Mais voilà, à force de décliner les corsets de toutes les façons imaginables, et ce depuis ses débuts dans les années 1980, peut-on encore parler d’élégance? Oui, les œuvres de Jean-Paul Gaultier peuvent-elles être dites «élégantes»? Interrogations d’autant plus pertinente que deux jeunes femmes sont passées à côté de moi, l’une d’elles montrant une robe on ne peut plus classique en murmurant «Ah, ça, tu vois, je pourrais le porter»…
Et je me suis donc tout naturellement posé la question suivante : «C’est quoi, au juste, l’élégance?». Je me suis alors souvenu du Dictionnaire philosophique portatif de François Marie Arouet, dit Voltaire, dans lequel une des entrées est le mot «Élégance». Sa définition : «Ce mot, selon quelques-uns, vient d’electus (choisi). On ne voit pas qu’aucun autre mot latin puisse être son etymologie : en effet, il y a du choix dans tout ce qui est élégant. L’élégance est un résultat de la justesse et de l’agrément.»

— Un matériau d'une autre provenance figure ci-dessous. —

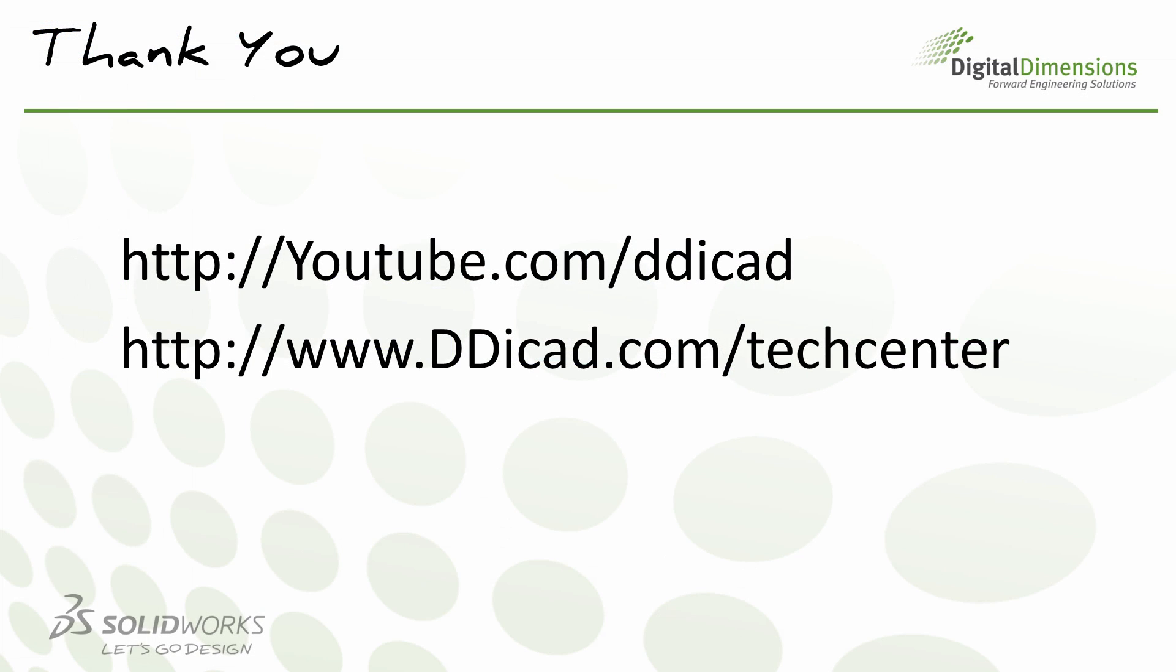Well, that's the end of this episode of our DDI CADcast what's new series on composer 2015. Definitely check out our YouTube channel at youtube.com/ddicad.com and also our tech blog at ddicad.com/tech center. Thanks and have a great afternoon.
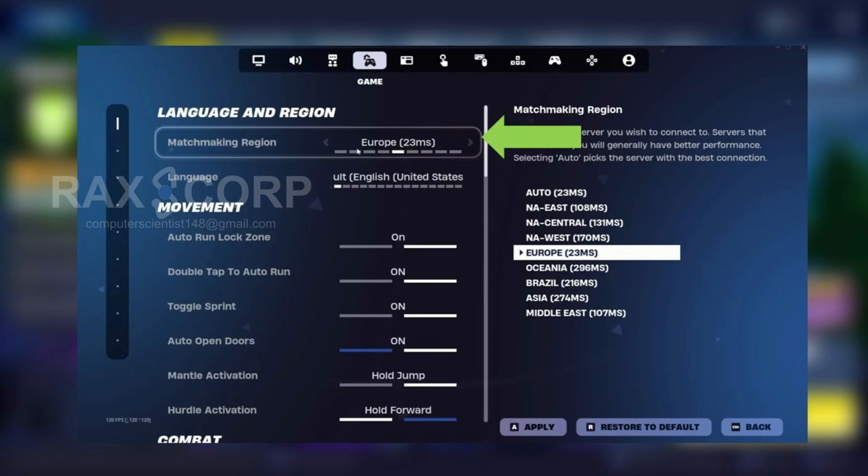After you have selected your region, then click on apply and that's all. After that, your error should be fixed.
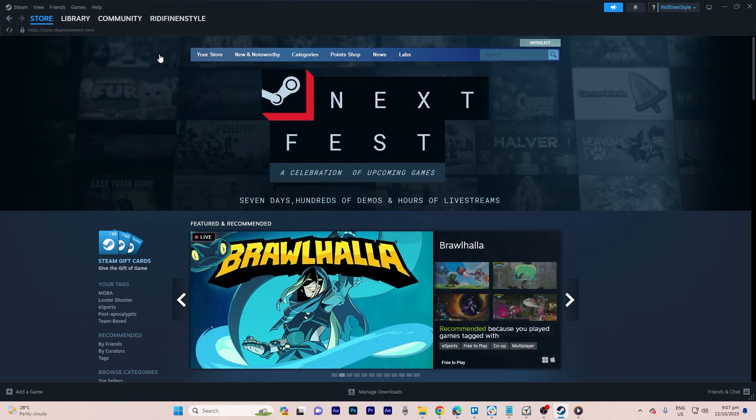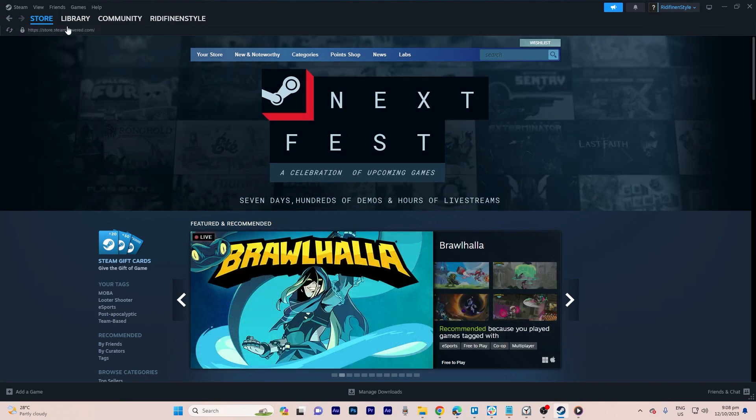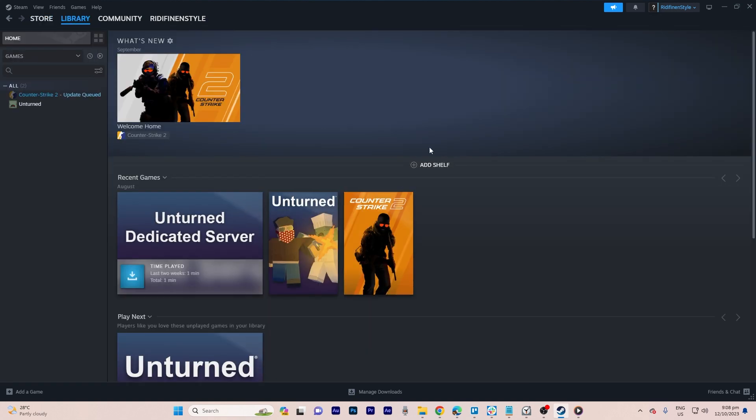To achieve this you have two options. The first one involves navigating to the library section where your downloaded games are listed.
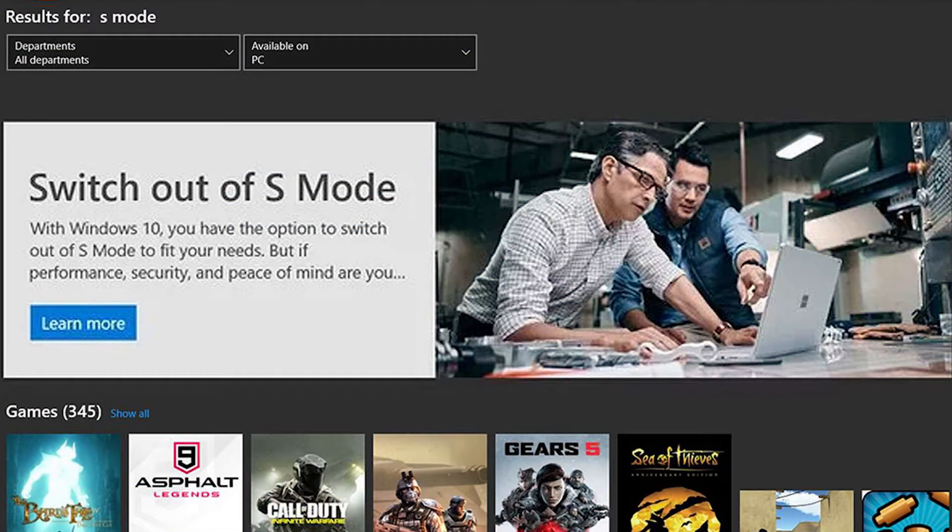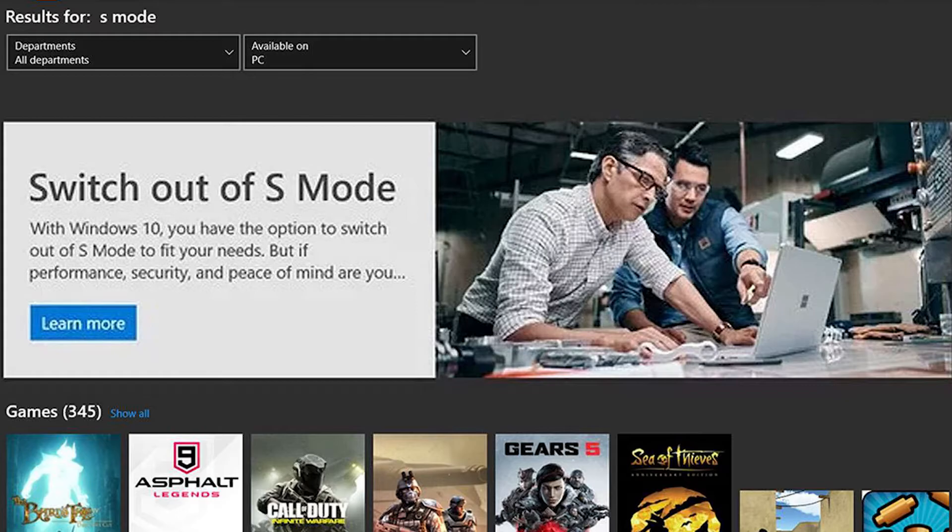On the store, you will see the option Switch out of S mode that appears in the Microsoft Store. Select Get. You will see a confirmation on the page as the installation process starts.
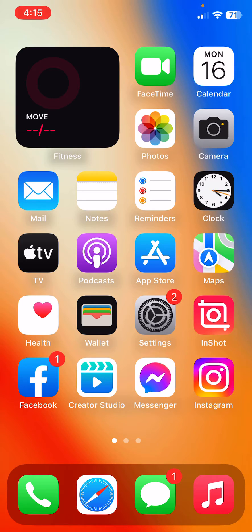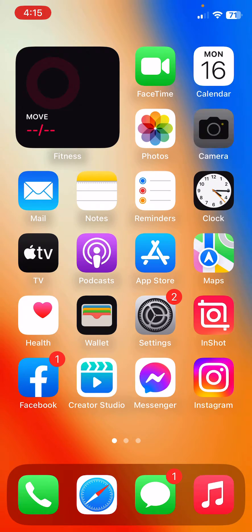After this, the next solution is to open Camera and close it.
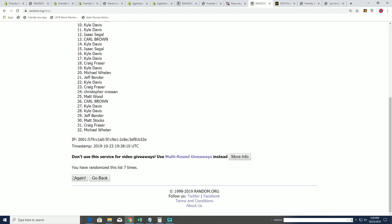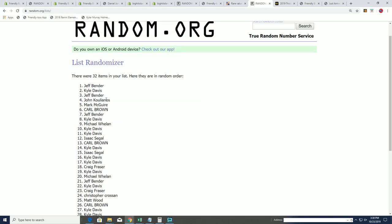And there we go, it's seven times through and Jeff Bender you are in for the Daniel Jones helmet series. So Jeff Bender, you're in for Daniel Jones.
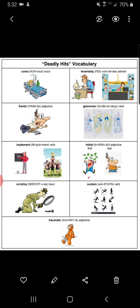Implement. Verb. To implement something is to put it into effect or practice. A school principal might announce that on Monday the cafeteria will implement a new system for sorting trash and recycling. In the illustration, the soccer coach implements a plan and the team wins the game.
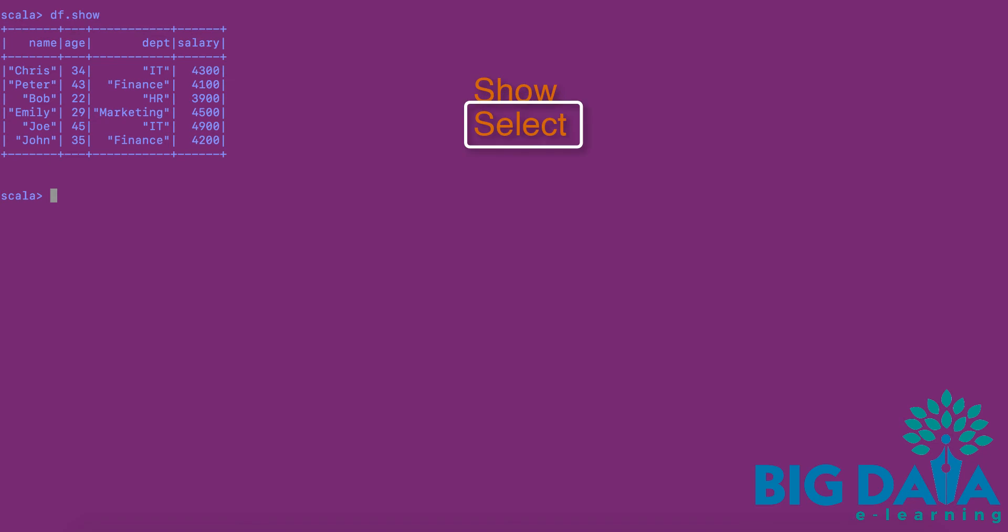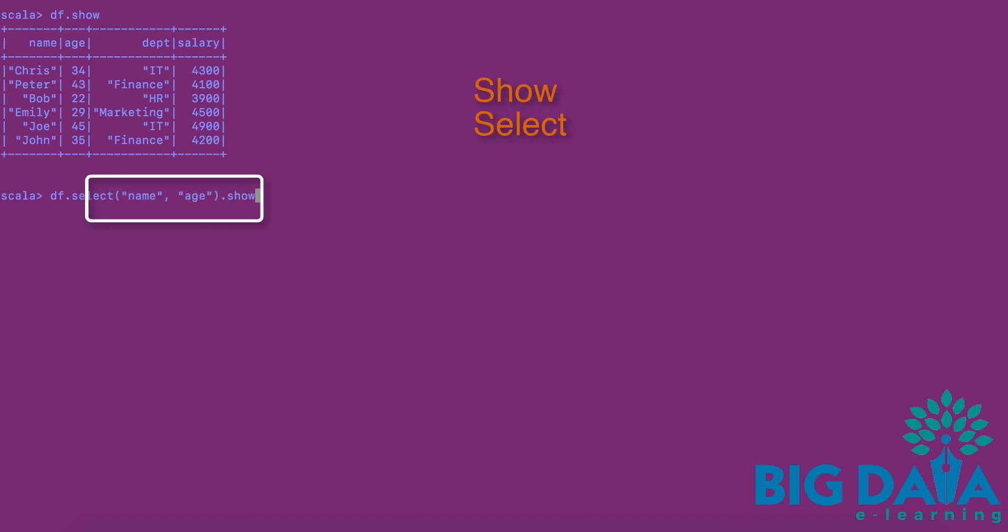Select operation can be used to select specific fields from the DataFrame. Let's apply the select operation on DF to select the name and age columns. This returns only the name and age column values from the DF DataFrame.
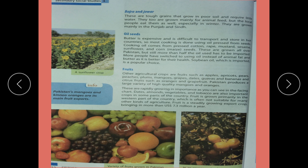Other agricultural crops are fruits such as apple, apricot, pear, peaches, plums, mangoes, grapes, dates, guavas, and bananas, and citrus fruits such as oranges and grapefruit. Pakistan produces a large variety of high-quality mangoes and oranges.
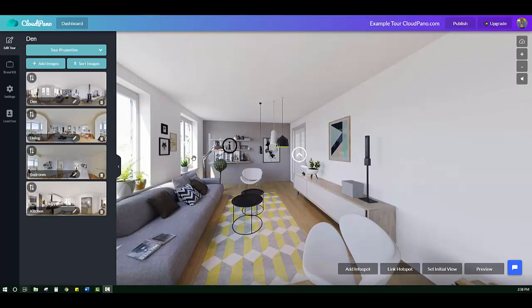Hey guys, Zach Calhoun here. Hope you're having a wonderful day. In this short video, I'm going to go over a new feature on CloudPano.com. In this particular tour, I'm in the CloudPano Tour Editor, and I have four sample photos for a sample tour to show you this feature.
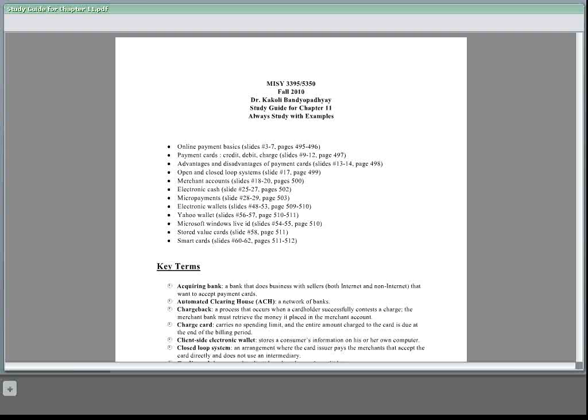Charge card like American Express has no spending limit. Entire amount is due at the end of billing period. So within payment cards we can talk about credit card, debit card, or charge card.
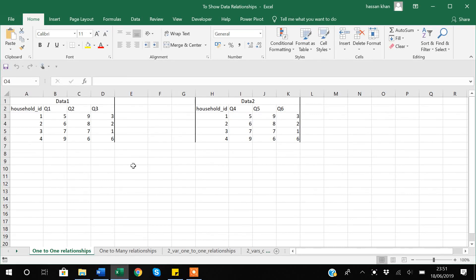Hello guys, my name is Khan and in today's video I will give you four examples of data relationships. The first thing is what is meant by data relationship. In order to go into detail about the relationship between datasets, I have created a few examples that I will go through. I am in an Excel sheet which I have constructed to show data relationships.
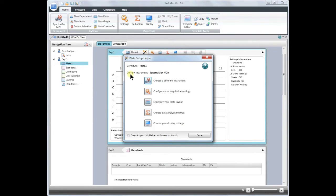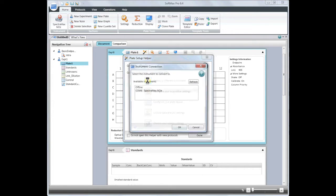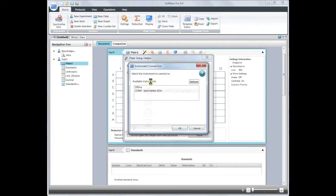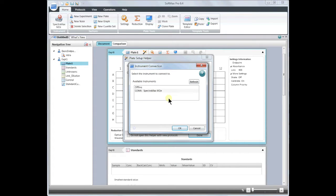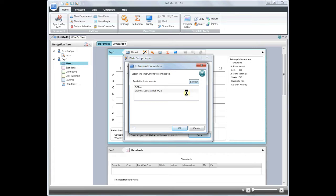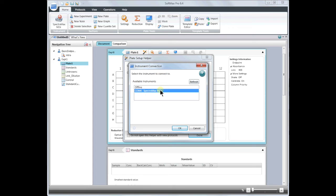Once you confirm that all the cables are plugged in and that your instrument is on, click on the button to choose your instrument connection. If you do not see your instrument appearing in the available instrument section, you can click refresh or power cycle both your instrument and the computer to establish a connection with your instrument. Once you find your instrument connected, click OK.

Voltaire poursuit en indiquant que Cicéron se servait de ce mot «pour exprimer un homme, un discours poli». Il s’agit dès lors d’une attitude, d’une forme d’expression du raffinement. «L’élégance d’un discours n’est pas l’éloquence, c’en est une partie : ce n’est pas la seule harmonie, le seul nombre; c’est la clarté, le nombre et le choix des paroles. (…) Un discours peut être élégant sans être un bon discours, l’élégance n’étant en effet que le mérite des paroles; mais un discours ne peut être absolument bon sans être élégant», ajoute-t-il.
«Un orateur peut convaincre, émouvoir même sans élégance, sans pureté, sans nombre. (…) Le grand point dans l’art oratoire, c’est que l’élégance ne fasse jamais tort à la force», précise-t-il.